━━━ Data shown

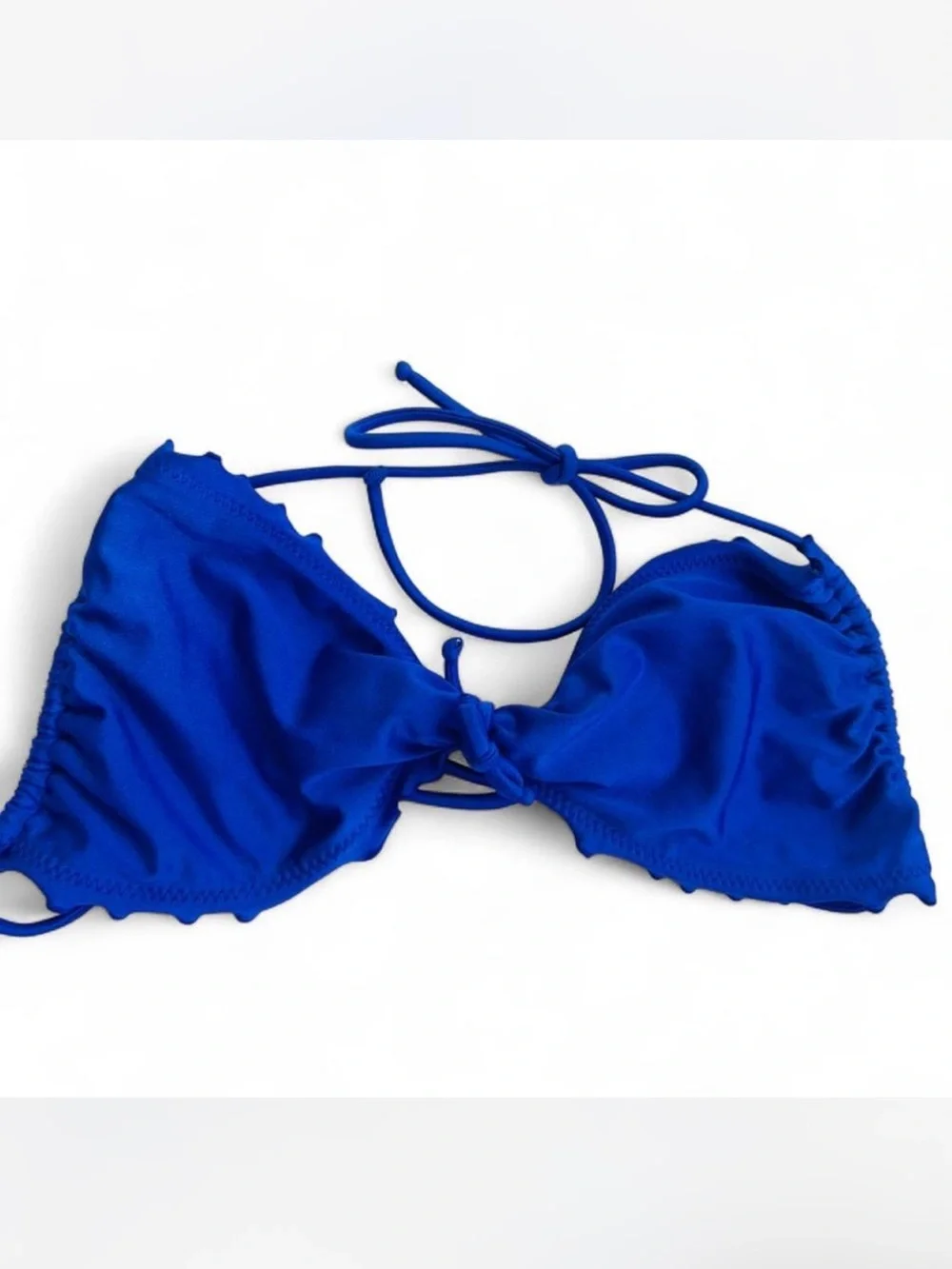 Luli Fama XL Royal Blue Bikini Top Ruffle Ruched Tie Front Halter‎ Swimwear Luxe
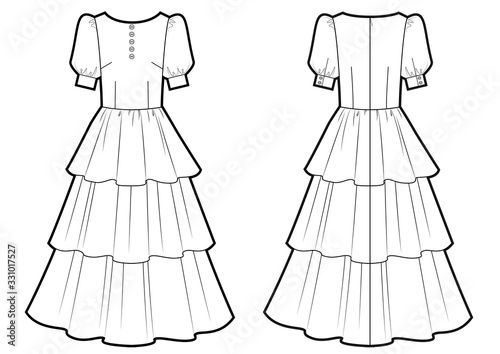 Summer romantic dress  buttons in front view  vector fashion illustration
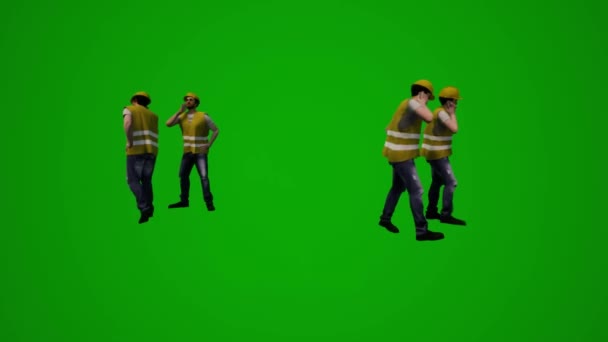 Múltiples Trabajadores Del Proyecto Construcción Pantalla Verde Trabajando Hablando Teléfono — Vídeos de Stock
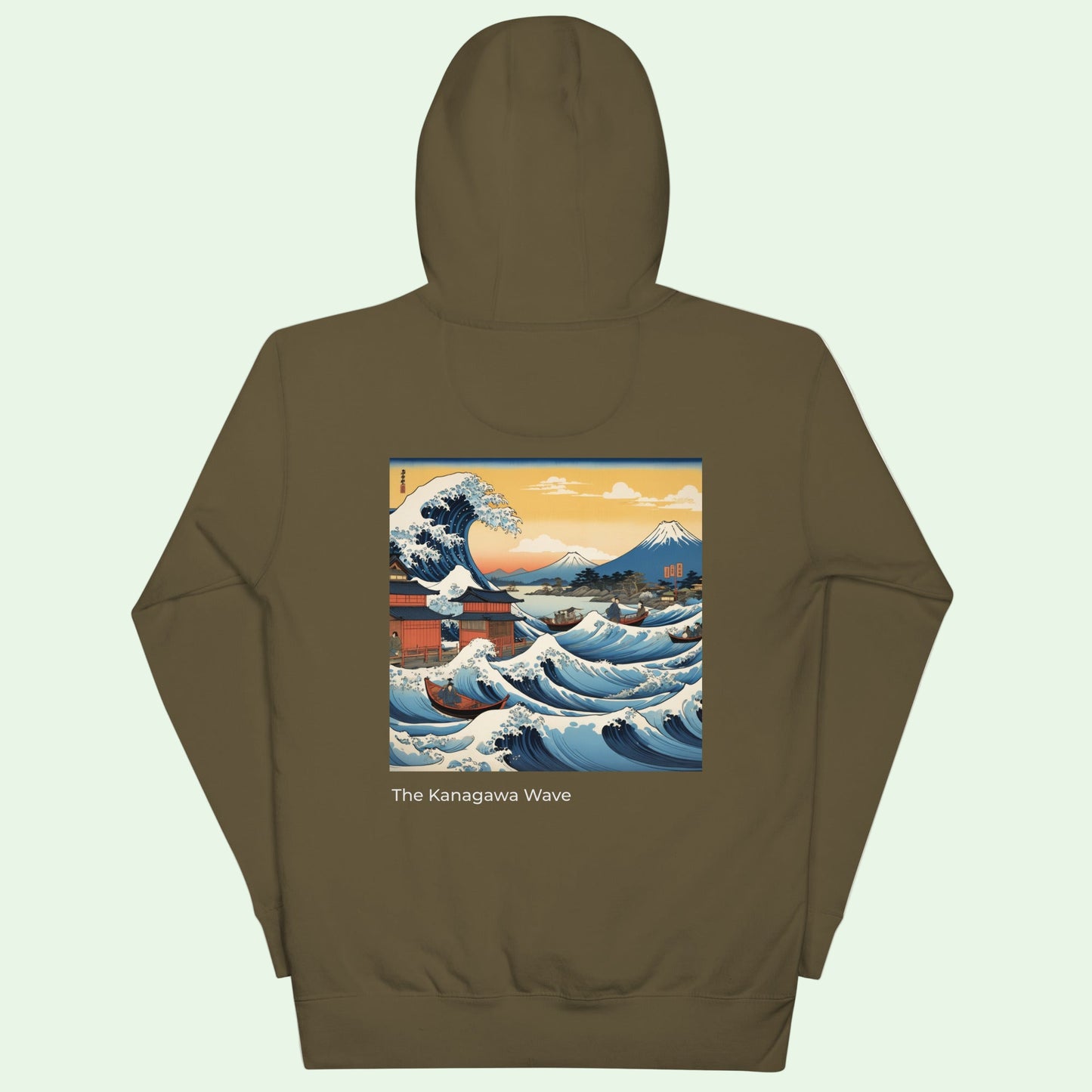 unisex premium hoodie in military green with great wave of kanagawa back design by Aunti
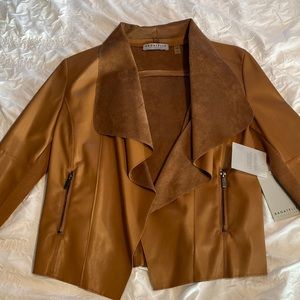 Bagatelle women’s draped faux leather jacket size XS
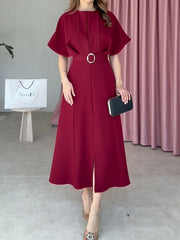 Loose Raglan Sleeve Pleated Split-Front Split-Joint Tied Waist Round-Neck Maxi Dresses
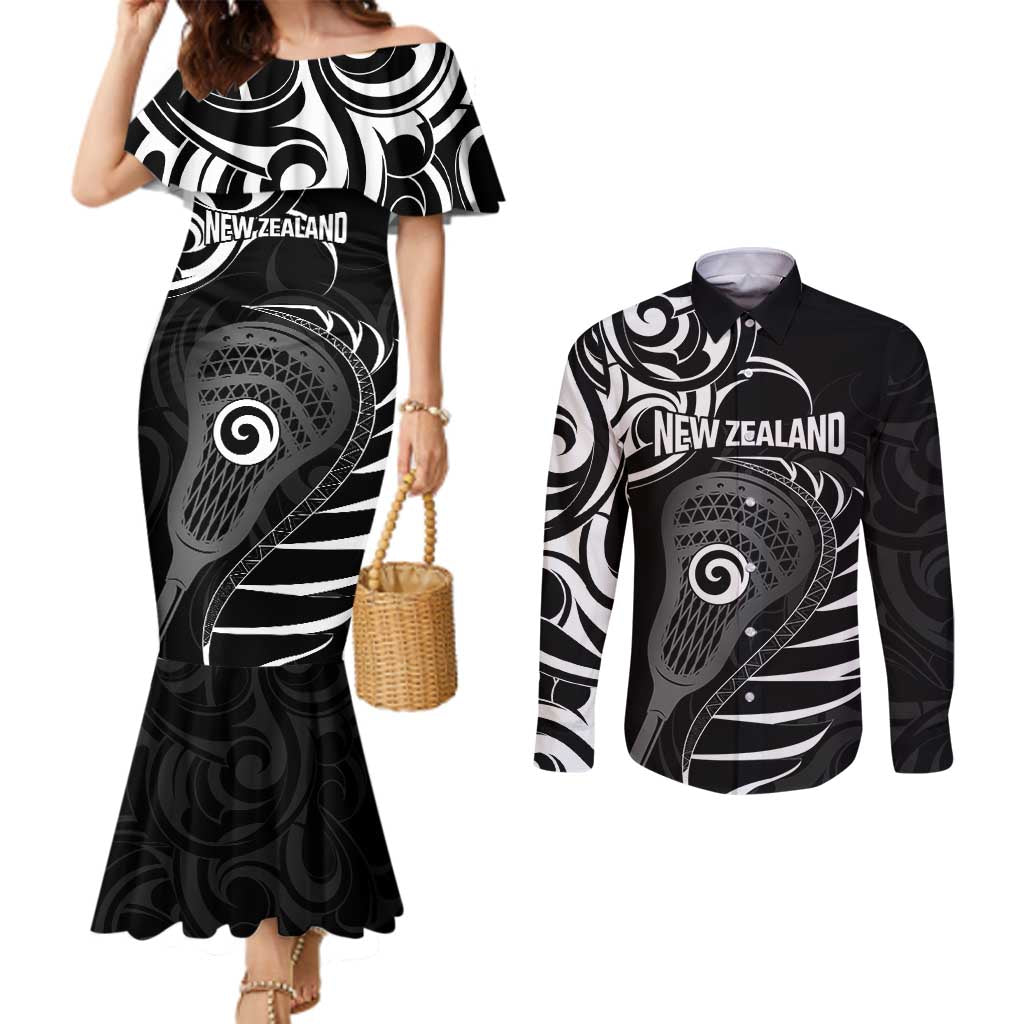 Personalised New Zealand Silver Fern Lacrosse Couples Matching Mermaid Dress and Long Sleeve Button Shirt Aotearoa Maori Pattern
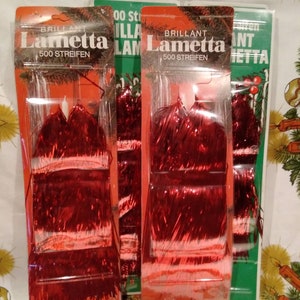 Vintage German Tinsel in Original Package~Vintage Tinsel~Lametta Tinsel~RED~Christmas Tree Tinsel**ONE Package per Purchase**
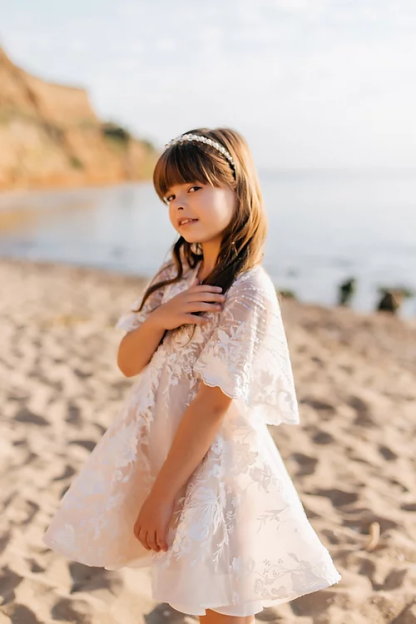 Lovely White A-line 3/4 Sleeves Appliques Flower Girls Dress With Lace-BMbridal.com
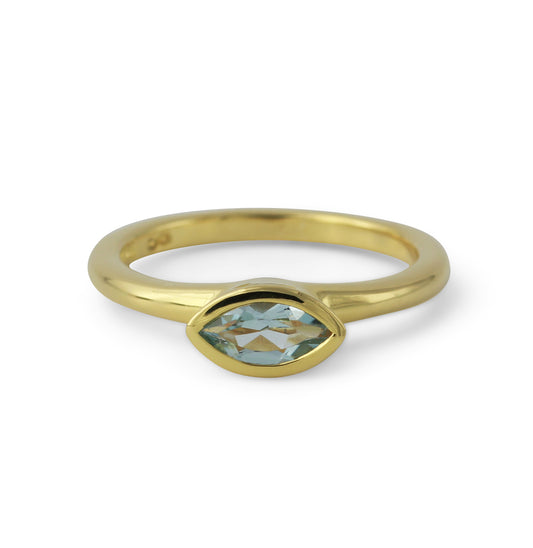 Silberring mit 8x4mm Topas, 18ct vergoldet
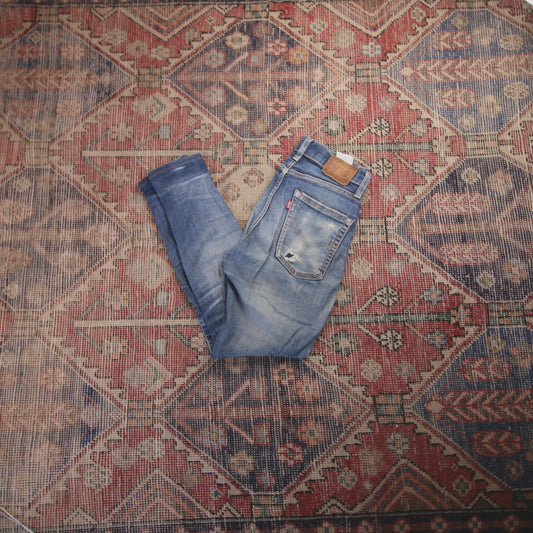 Levi's W28 L26 Skinny Classic Ripped Style Blue Denim Jeans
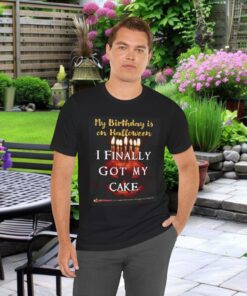 Halloween Themed Birthday Tee - "My Birthday is on Halloween, I Finally Got My Cake"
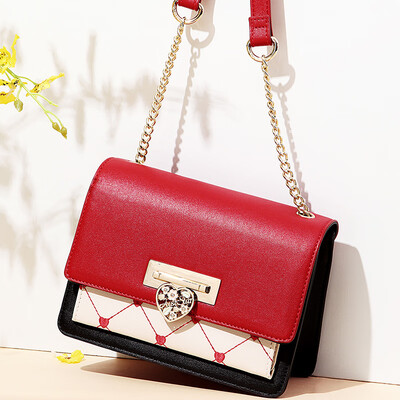 

JUST STAR bag handbag red festive lady bag fashion small ck wind shoulder Messenger bag female winter trend bag 977 sweet red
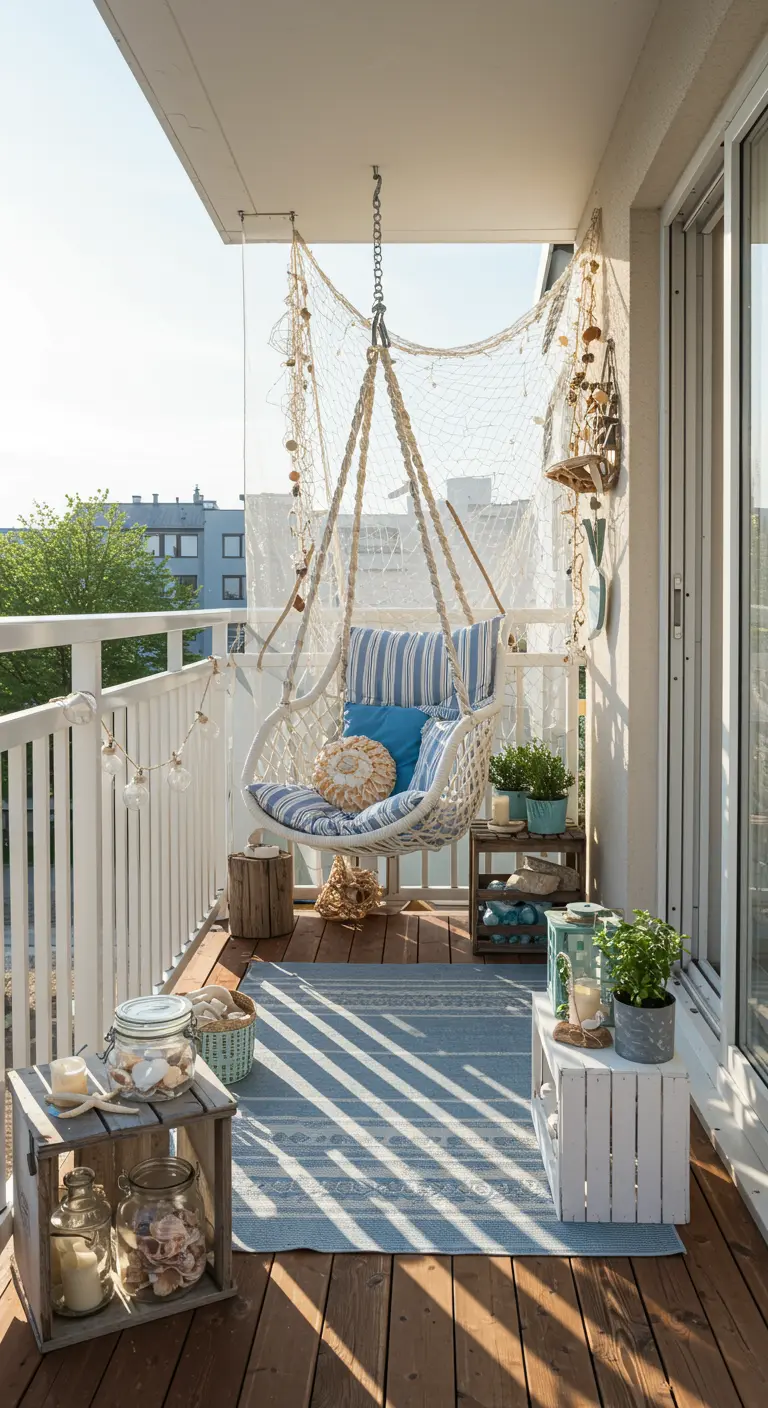 Balkon in maritieme stijl met witte hangstoel, visnet en schelpendecoratie.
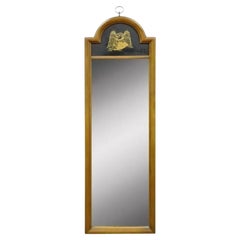 Vintage Federal Style Gold Eagle Arched Cherry Wood Narrow Frame Wall Mirror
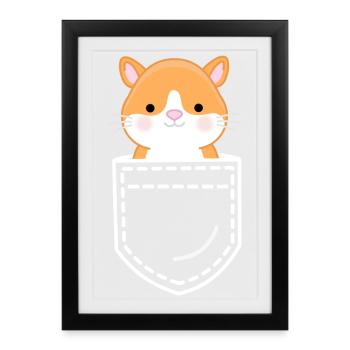 Hamster - Affiche encadrée (27 × 37 cm) - noir - Devant
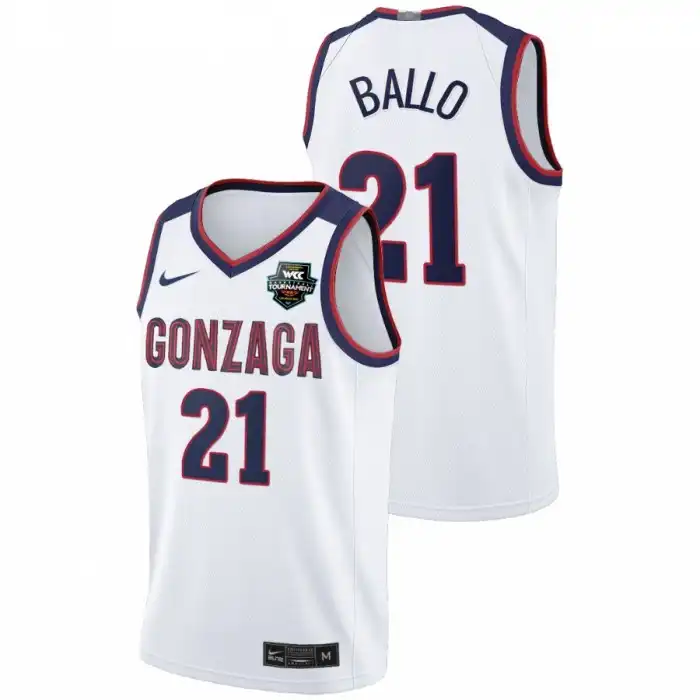 Men's Gonzaga Bulldogs Oumar Ballo #21 Limited White Conference Tournament Champions 2021 WCC Mens College Basketball Jersey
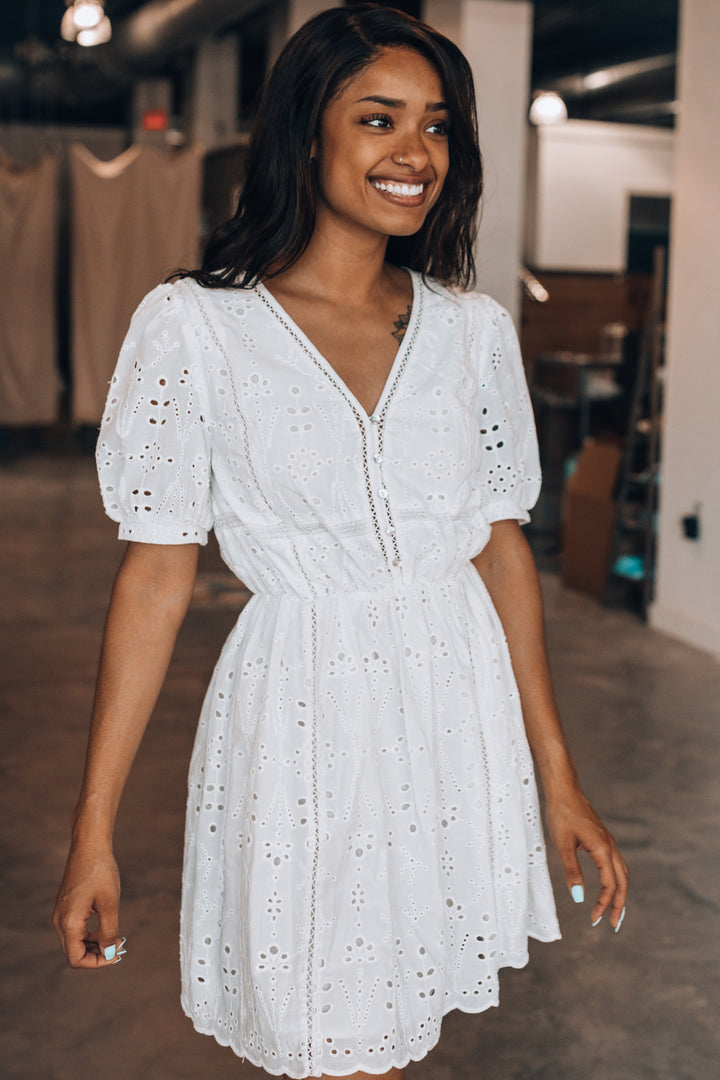 Sienna Eyelet Mini Dress FINAL SALE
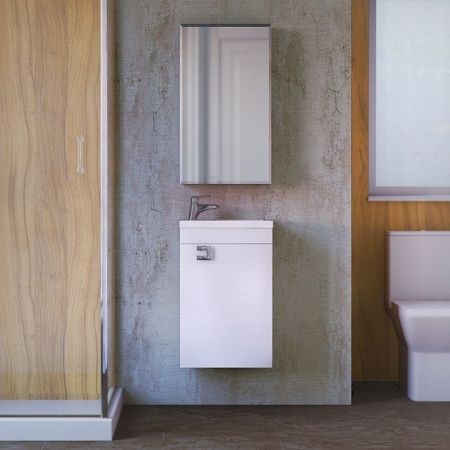 Тумба под раковину Raval Kub 40 подвесная Белая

━━━━━━

* [Task] Give back the full listing above word for word, and let no picture through.

* [The completed task]
 Luli Fama XL Royal Blue Bikini Top Ruffle Ruched Tie Front Halter‎ Swimwear Luxe
 Summer romantic dress  buttons in front view  vector fashion illustration
 Múltiples Trabajadores Del Proyecto Construcción Pantalla Verde Trabajando Hablando Teléfono — Vídeos de Stock
 unisex premium hoodie in military green with great wave of kanagawa back design by Aunti
 Bagatelle women’s draped faux leather jacket size XS
 Loose Raglan Sleeve Pleated Split-Front Split-Joint Tied Waist Round-Neck Maxi Dresses
 Personalised New Zealand Silver Fern Lacrosse Couples Matching Mermaid Dress and Long Sleeve Button Shirt Aotearoa Maori Pattern
 Vintage German Tinsel in Original Package~Vintage Tinsel~Lametta Tinsel~RED~Christmas Tree Tinsel**ONE Package per Purchase**
 Lovely White A-line 3/4 Sleeves Appliques Flower Girls Dress With Lace-BMbridal.com
 Silberring mit 8x4mm Topas, 18ct vergoldet
 Levi's W28 L26 Skinny Classic Ripped Style Blue Denim Jeans
 Halloween Themed Birthday Tee - "My Birthday is on Halloween, I Finally Got My Cake"

JUST STAR bag handbag red festive lady bag fashion small ck wind shoulder Messenger bag female winter trend bag 977 sweet red
 Balkon in maritieme stijl met witte hangstoel, visnet en schelpendecoratie.
 Vintage Federal Style Gold Eagle Arched Cherry Wood Narrow Frame Wall Mirror
 Hamster - Affiche encadrée (27 × 37 cm) - noir - Devant
 Men's Gonzaga Bulldogs Oumar Ballo #21 Limited White Conference Tournament Champions 2021 WCC Mens College Basketball Jersey
 Sienna Eyelet Mini Dress FINAL SALE
 Тумба под раковину Raval Kub 40 подвесная Белая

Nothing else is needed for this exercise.